In the center ring, spirit clowns performed with manic, weightless energy. Their faces were painted in impossible colors. Each masked in glowing greens, spectral blues, and their bodies flickered like candle flames. All unique, all somehow incomplete. An arm, a leg, half a body, all lost. They juggled orbs of soul‑light, each one pulsing with a trapped whisper. Their laughter echoed strangely, doubling back on itself like a sound heard in a dream.

One clown somersaulted through the air, leaving a trail of shimmering dust that smelled faintly of burnt sugar. Another pulled a string of glowing scarves from its own chest cavity, each scarf patterned with shifting faces.

The audience of shades applauded with hands that barely made a sound.

Then the ground trembled as the clowns exited the main ring and the next act moved in.

A low growl rolled through the tent, vibrating in my ribs.

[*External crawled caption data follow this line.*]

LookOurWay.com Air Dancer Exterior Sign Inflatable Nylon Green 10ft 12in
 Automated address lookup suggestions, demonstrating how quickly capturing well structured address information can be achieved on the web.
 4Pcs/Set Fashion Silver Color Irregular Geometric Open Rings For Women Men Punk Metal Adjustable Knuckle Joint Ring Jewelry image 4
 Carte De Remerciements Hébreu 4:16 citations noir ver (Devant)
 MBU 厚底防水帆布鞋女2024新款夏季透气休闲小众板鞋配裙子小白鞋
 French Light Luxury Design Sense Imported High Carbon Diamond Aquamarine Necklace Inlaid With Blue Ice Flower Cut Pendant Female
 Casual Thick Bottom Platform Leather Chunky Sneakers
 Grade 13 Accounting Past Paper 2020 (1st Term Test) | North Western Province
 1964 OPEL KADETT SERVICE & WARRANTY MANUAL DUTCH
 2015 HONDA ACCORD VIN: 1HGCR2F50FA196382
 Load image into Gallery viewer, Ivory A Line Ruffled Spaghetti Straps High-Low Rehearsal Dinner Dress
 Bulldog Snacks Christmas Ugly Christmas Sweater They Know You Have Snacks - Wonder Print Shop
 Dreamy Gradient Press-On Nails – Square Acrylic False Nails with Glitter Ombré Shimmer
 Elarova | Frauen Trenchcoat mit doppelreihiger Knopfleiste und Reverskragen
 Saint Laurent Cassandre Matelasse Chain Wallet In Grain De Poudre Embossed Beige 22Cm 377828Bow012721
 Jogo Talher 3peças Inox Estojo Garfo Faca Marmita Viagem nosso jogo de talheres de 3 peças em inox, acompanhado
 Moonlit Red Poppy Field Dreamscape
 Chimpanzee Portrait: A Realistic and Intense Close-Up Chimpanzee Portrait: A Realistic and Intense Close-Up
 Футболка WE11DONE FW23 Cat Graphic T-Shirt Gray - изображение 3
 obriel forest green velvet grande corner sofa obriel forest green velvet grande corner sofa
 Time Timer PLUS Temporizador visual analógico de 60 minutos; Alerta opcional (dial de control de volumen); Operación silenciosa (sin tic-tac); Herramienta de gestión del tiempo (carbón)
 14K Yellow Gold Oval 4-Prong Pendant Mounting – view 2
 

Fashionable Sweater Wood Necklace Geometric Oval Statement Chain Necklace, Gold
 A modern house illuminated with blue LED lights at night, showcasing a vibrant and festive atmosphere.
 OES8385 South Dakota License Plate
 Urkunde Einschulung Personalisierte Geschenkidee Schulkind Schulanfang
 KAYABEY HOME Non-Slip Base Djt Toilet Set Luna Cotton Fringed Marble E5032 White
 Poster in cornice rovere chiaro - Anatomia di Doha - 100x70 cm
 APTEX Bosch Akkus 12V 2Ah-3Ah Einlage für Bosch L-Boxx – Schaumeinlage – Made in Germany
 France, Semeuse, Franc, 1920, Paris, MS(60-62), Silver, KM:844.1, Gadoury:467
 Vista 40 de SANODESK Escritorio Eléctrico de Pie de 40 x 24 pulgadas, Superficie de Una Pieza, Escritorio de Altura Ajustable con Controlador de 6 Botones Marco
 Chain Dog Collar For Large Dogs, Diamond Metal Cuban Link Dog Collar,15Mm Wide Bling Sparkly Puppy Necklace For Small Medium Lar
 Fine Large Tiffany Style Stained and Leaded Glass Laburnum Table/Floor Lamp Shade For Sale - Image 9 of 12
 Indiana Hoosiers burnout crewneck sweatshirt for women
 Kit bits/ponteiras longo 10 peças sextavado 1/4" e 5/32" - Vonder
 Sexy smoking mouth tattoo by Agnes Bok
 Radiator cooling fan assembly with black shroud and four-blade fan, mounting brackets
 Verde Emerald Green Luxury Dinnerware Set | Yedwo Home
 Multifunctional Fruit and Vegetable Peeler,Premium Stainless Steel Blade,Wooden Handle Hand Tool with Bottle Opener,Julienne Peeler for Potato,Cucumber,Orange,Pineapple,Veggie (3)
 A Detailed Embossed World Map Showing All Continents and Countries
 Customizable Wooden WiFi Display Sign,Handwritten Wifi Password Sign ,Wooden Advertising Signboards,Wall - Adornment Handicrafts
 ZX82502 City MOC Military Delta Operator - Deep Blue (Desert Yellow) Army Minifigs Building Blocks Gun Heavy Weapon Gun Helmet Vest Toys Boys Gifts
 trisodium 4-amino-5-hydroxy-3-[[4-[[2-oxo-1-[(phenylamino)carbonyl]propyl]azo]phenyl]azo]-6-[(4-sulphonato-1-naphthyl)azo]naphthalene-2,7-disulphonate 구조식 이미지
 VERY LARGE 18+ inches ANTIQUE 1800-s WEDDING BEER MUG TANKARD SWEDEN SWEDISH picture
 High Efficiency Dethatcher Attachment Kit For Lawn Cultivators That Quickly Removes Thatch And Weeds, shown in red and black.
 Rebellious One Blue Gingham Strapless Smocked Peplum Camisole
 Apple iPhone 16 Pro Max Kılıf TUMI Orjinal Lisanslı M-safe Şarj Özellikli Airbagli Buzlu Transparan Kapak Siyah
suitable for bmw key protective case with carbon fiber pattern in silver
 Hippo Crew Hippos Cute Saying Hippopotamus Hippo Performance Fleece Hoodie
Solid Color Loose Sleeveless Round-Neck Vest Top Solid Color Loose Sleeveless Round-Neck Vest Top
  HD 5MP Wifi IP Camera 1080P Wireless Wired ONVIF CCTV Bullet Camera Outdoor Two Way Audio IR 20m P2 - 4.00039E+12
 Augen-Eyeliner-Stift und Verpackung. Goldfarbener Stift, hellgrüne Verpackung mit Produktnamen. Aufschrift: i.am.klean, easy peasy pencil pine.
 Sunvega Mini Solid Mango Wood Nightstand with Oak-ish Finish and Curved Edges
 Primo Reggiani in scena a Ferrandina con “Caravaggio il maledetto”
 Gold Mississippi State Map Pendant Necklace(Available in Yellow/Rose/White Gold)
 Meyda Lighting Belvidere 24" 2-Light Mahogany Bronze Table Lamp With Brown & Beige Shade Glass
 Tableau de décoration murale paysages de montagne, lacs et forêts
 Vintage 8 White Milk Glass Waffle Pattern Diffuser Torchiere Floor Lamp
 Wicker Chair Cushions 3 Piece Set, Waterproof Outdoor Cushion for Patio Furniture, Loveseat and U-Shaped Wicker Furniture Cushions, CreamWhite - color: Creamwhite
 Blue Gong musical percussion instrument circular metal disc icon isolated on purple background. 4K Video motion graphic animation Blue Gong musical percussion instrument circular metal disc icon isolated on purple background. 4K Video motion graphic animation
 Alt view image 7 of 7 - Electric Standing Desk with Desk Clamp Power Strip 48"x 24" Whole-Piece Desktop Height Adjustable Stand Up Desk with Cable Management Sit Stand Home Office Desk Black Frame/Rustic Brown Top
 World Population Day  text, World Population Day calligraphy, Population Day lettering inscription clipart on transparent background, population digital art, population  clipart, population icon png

From the far side of the ring emerged the ghostly animals. They seemed like dream creatures stitched from mist and memory. A translucent tiger with ribs made of moonlight. A bear whose fur drifted like smoke. A pack of wolves with eyes like dying stars. They moved with eerie grace, their paws never fully touching the ground.

At their head walked him. A bronzed muscular being with the head of a lion beat his chest and welcomed the crowd with a booming roar. His towering figure flexed muscles carved like stone and scarred with deep, glowing fissures. His body was humanoid, but his head was that of a massive lion. His ruffed mane flowed like black fire, eyes burning gold. Chains of spectral metal wrapped around his forearms, rattling with each step.

He carried no whip. He didn't need one.

The animals obeyed him with reverent fear.

He raised one clawed hand, and the ghost‑tiger leapt through a ring of blue flame that didn't burn, only whispered. The wolves formed a pyramid of shifting bodies. The bear balanced on a glowing sphere of condensed soul‑energy.

The crowd of shades leaned forward, hungry for spectacle.

The lion‑headed specter turned his gaze toward me for a moment, and I felt it like a physical weight. Not hostile. Not welcoming, curious. Just… knowing.

It was if he could see the tethered light inside me.

As if he recognized it.

Mr. Vaude's voice drifted to my side, warm and amused.

"Magnificent, aren't they? Every performer here has paid a price. Some willingly. Some… less so."

He tipped his hat toward the lion‑headed specter.

"And that one? He was once a king. Now he keeps the beasts in line."

The specter roared again to encourage the animal spirits during the act, a sound that shook the tent poles and made the soul‑coins embedded in the shades' collars flicker.

The show continued, dazzling and terrible.

And I realized, with a slow chill, that everything in this tent — every performer, every animal, every shade — was powered by the same thing:

Soul energy. And the circus was starving for more.